This week, news reached that Block T, an arts and culture organisation based in Smithfield has to leave their premises in the Dublin 7 area and find space for 120 members who utilise the space’s 70 studios.
Their members include dozens of practioneers in design, art, fashion, visual art, painting, web developers, screenprinting, musicians, animation and beyond not to mention their hotdesks which anyone could use.
I’ve worked with Block T on a number of events over the years, most notably our Minimum Maximum gigs in the space, where the lineup wasn’t announced in advance and we had Le Galaxie, Fight Like Apes, Rusangano Family, Planet Parade, Bantum and White Collar Boy play surprise shows. The people who run the space are some of the soundest people you’ll meet, passionate about Block T as a creative space.
As you can see above, Block T are a thread for a disparate group of creative people and it would be a real pity for that to disappear just because of rising rents (we’ve been here before in Ireland, and we cannot let commercialism rule over creativity in every aspect of society once again).
Block T spent six years in Smithfield, building a community and a hub that was felt at galleries, exhibitions, festivals like Body & Soul, Knockanstockan and many other events.
An organisation like this relies not on public funding (which only makes up 2% of their income) but membership fees. This leaves Block T in the situation it is currently in, without a safety net, at the mercy of the market.
In the last two years or so, we’ve lost creative hubs like Mabos, Monster Truck, The Factory, Moxie and The Joinery. All gone. All scattered to the city. Dublin City Council should recognise the value of creative-lead spaces like Block T while we still have them but we cannot wait for action on that front. We already know how important they are.

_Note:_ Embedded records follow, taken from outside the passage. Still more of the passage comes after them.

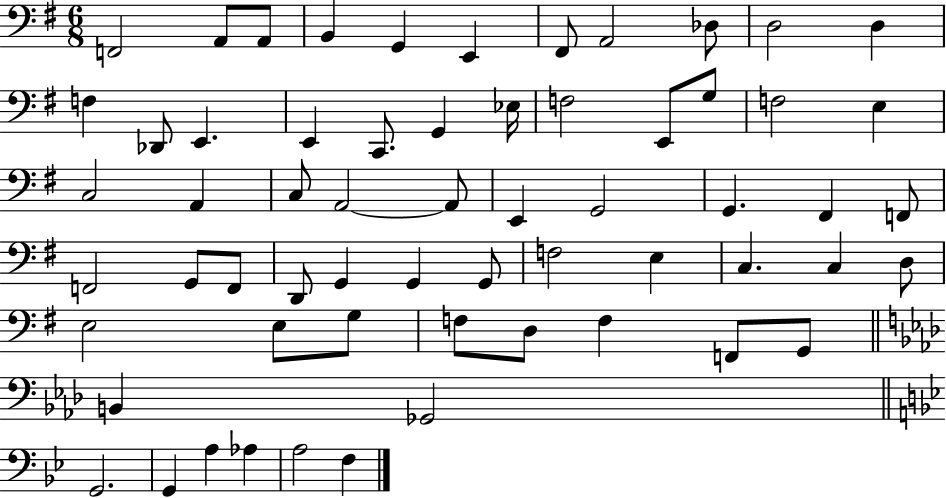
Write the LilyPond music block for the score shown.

{
  \clef bass
  \numericTimeSignature
  \time 6/8
  \key g \major
  f,2 a,8 a,8 | b,4 g,4 e,4 | fis,8 a,2 des8 | d2 d4 | \break f4 des,8 e,4. | e,4 c,8. g,4 ees16 | f2 e,8 g8 | f2 e4 | \break c2 a,4 | c8 a,2~~ a,8 | e,4 g,2 | g,4. fis,4 f,8 | \break f,2 g,8 f,8 | d,8 g,4 g,4 g,8 | f2 e4 | c4. c4 d8 | \break e2 e8 g8 | f8 d8 f4 f,8 g,8 | \bar "||" \break \key aes \major b,4 ges,2 | \bar "||" \break \key g \minor g,2. | g,4 a4 aes4 | a2 f4 | \bar "|."
}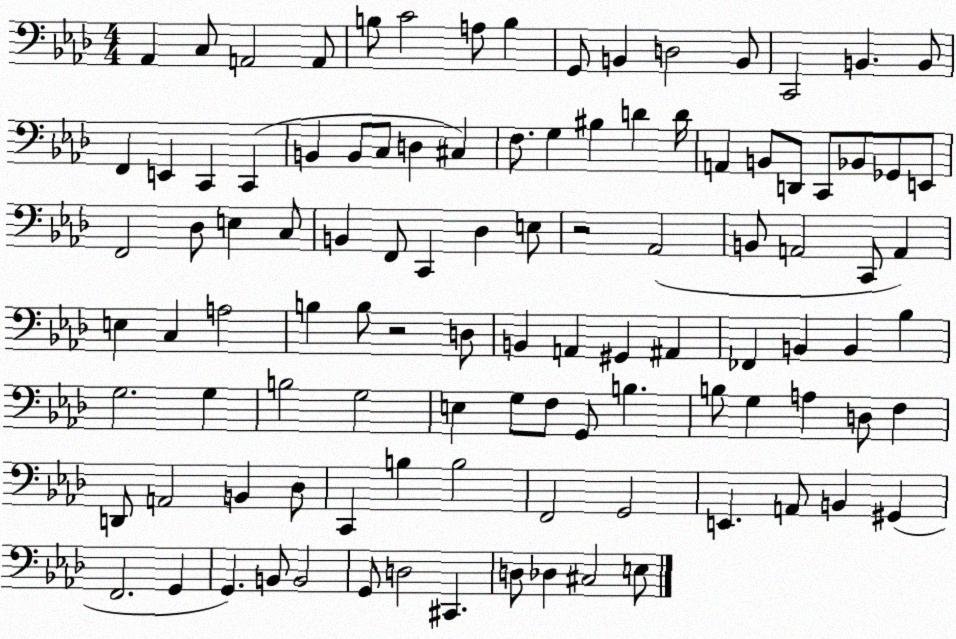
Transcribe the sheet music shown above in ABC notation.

X:1
T:Untitled
M:4/4
L:1/4
K:Ab
_A,, C,/2 A,,2 A,,/2 B,/2 C2 A,/2 B, G,,/2 B,, D,2 B,,/2 C,,2 B,, B,,/2 F,, E,, C,, C,, B,, B,,/2 C,/2 D, ^C, F,/2 G, ^B, D D/4 A,, B,,/2 D,,/2 C,,/2 _B,,/2 _G,,/2 E,,/2 F,,2 _D,/2 E, C,/2 B,, F,,/2 C,, _D, E,/2 z2 _A,,2 B,,/2 A,,2 C,,/2 A,, E, C, A,2 B, B,/2 z2 D,/2 B,, A,, ^G,, ^A,, _F,, B,, B,, _B, G,2 G, B,2 G,2 E, G,/2 F,/2 G,,/2 B, B,/2 G, A, D,/2 F, D,,/2 A,,2 B,, _D,/2 C,, B, B,2 F,,2 G,,2 E,, A,,/2 B,, ^G,, F,,2 G,, G,, B,,/2 B,,2 G,,/2 D,2 ^C,, D,/2 _D, ^C,2 E,/2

A city needs a soul and it’s getting increasingly soulless in Dublin.
From their press release.
We’re inviting advocates, champions for Irish culture, interested patrons, local TDs, mentors and entrepreneurs to support us through this time of transition with advocacy, space provision and capital. We’re looking for new partners who understand the value of social and creative enterprises, and who share our vision for sustainable creative communities for Dublin. We believe these independent spaces are not only necessary in times of economic decline, but also in time of growth.

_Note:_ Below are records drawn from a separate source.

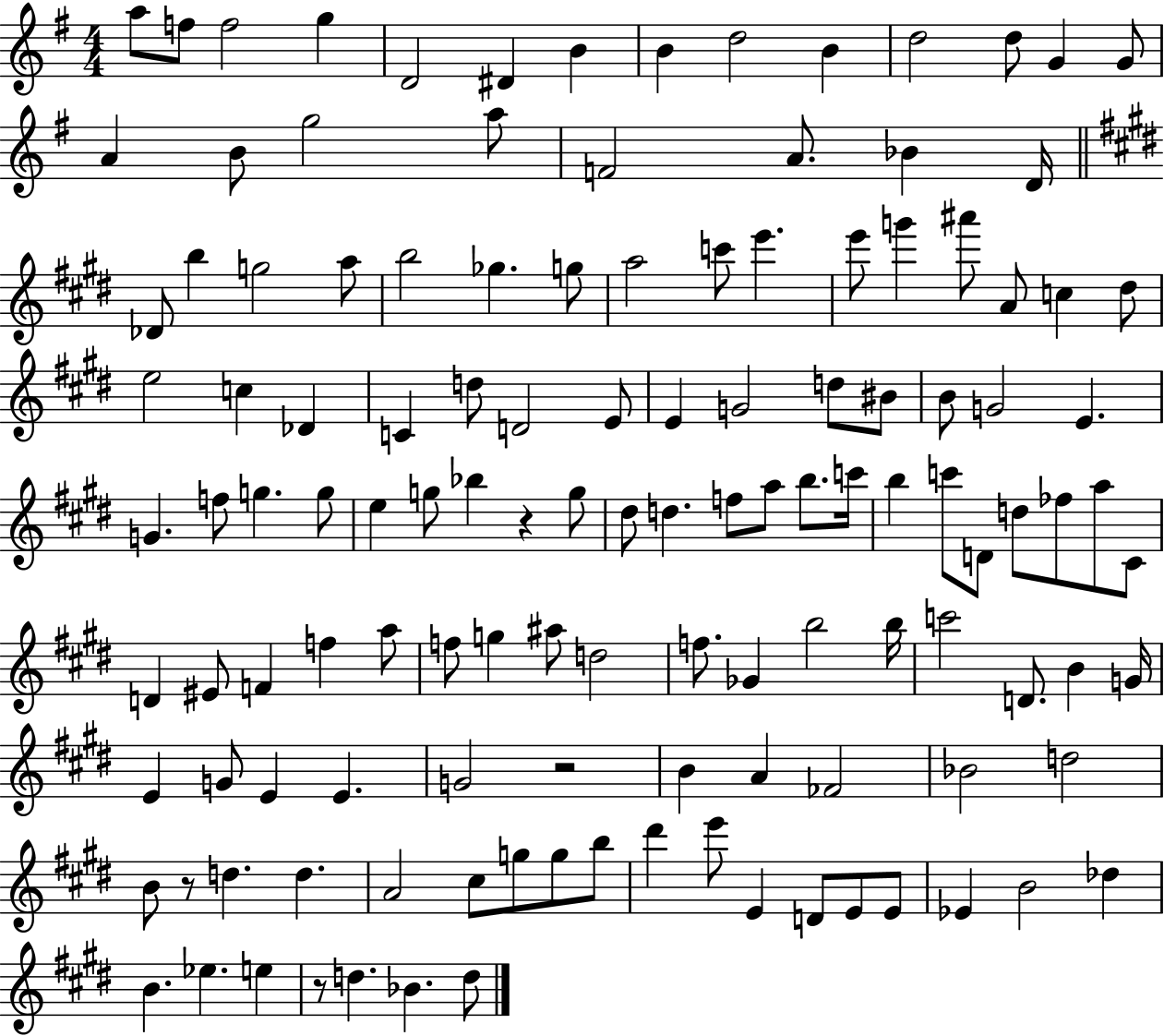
{
  \clef treble
  \numericTimeSignature
  \time 4/4
  \key g \major
  a''8 f''8 f''2 g''4 | d'2 dis'4 b'4 | b'4 d''2 b'4 | d''2 d''8 g'4 g'8 | \break a'4 b'8 g''2 a''8 | f'2 a'8. bes'4 d'16 | \bar "||" \break \key e \major des'8 b''4 g''2 a''8 | b''2 ges''4. g''8 | a''2 c'''8 e'''4. | e'''8 g'''4 ais'''8 a'8 c''4 dis''8 | \break e''2 c''4 des'4 | c'4 d''8 d'2 e'8 | e'4 g'2 d''8 bis'8 | b'8 g'2 e'4. | \break g'4. f''8 g''4. g''8 | e''4 g''8 bes''4 r4 g''8 | dis''8 d''4. f''8 a''8 b''8. c'''16 | b''4 c'''8 d'8 d''8 fes''8 a''8 cis'8 | \break d'4 eis'8 f'4 f''4 a''8 | f''8 g''4 ais''8 d''2 | f''8. ges'4 b''2 b''16 | c'''2 d'8. b'4 g'16 | \break e'4 g'8 e'4 e'4. | g'2 r2 | b'4 a'4 fes'2 | bes'2 d''2 | \break b'8 r8 d''4. d''4. | a'2 cis''8 g''8 g''8 b''8 | dis'''4 e'''8 e'4 d'8 e'8 e'8 | ees'4 b'2 des''4 | \break b'4. ees''4. e''4 | r8 d''4. bes'4. d''8 | \bar "|."
}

Alternative and independent cultural spaces are what makes a city a vibrant, authentic place. Their programmes and projects enrich and diversify the output of Irish culture, which greatly contributes to its tourism industry and global reputation. More importantly these projects play an integral role in community development, offering innovative ways to nurture and support the talent of this industry that will help fuel our economy in the years ahead.
Block T are not crying foul, giving out, blaming gentrification, greed or lack of support. They want to remain a vital independent cultural alternative space in the city and are moving towards that goal. It is possible. It doesn’t have to be the end of the story. To do so, they need some help, some leads, an opportunity to flourish not disappear. If you can help, or have a suggestion for a place, contact Grace or Laura.
Update: some positive news today with an announcement of a €9m investment scheme for arts and culture centres, which may apply to places like Block T.